In June, I reported on a MnSCU plan — called Charting the Future — that would revamp how the state’s colleges and universities do business.
The idea was to come up with statewide plans in areas such as academics, e-learning, training and facilities. It could lead to campus mergers, the elimination of some programs and relocation of others to where MnSCU thought it needed them most.
At the time, Winona State University President Scott Olson, who helped lead the project, called the potential changes “disruptive” to the system.
Looks like it has proven that already.
The Inter Faculty Organization today has come out against the plan, saying it smacks of overcentralization.
(Sound familiar? I recently reposted a commentary on that very subject by Winona State University professor Darrell Downs. He was one of the officials who explained the announcement to today.)
You can read their full stance above. But I spoke with several IFO officials this morning, and my boiled-down interpretation of their position is essentially this:
The plan would put too much power into the hands of MnSCU’s central office. That alone would create more bureaucracy and raise costs, yet the plan also fails to address college affordability. It puts far too high an emphasis on technical education, and would inject an amount of academic uniformity that would stifle innovation — ultimately leading to a lowest-common-denominator level of educational quality. The plan caters too much to the interest of business, and has failed to show enough consideration toward members of the communities in which MnSCU has campuses.

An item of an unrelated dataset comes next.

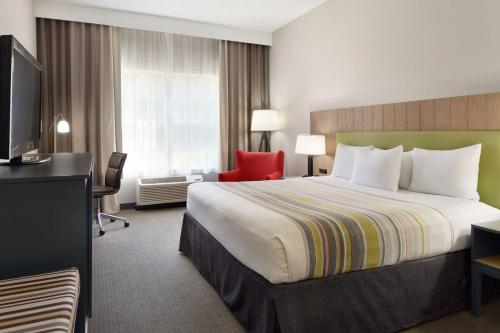 ein Hotelzimmer mit einem großen Bett und einem roten Stuhl in der Unterkunft Country Inn & Suites by Radisson, Brunswick I-95, GA in Brunswick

Michael Dougherty, vice chancellor for advancement at MnSCU, emailed me this response:
“The draft recommendations neither suggest nor should lead to more centralization or a larger system office. The solutions to the challenges facing higher education will not be solved by centralization, but rather by collaboration and coordination that takes advantage of the individual characteristics and strengths of each of our colleges and universities. This will position our campuses to better serve Minnesota students, communities and businesses by fostering efficiency, entrepreneurship and innovation.”
He said that since the June unveiling of the draft, the workgroups behind the report “have been seeking feedback and suggestions from constituent groups across the state. These outreach efforts will continue through mid-October. The suggestions and input will be used by the strategic workgroups as they revise the draft recommendations and prepare their final report.”
He said the final recommendations will go to Chancellor Rosenstone and the trustees prior to the November board meeting.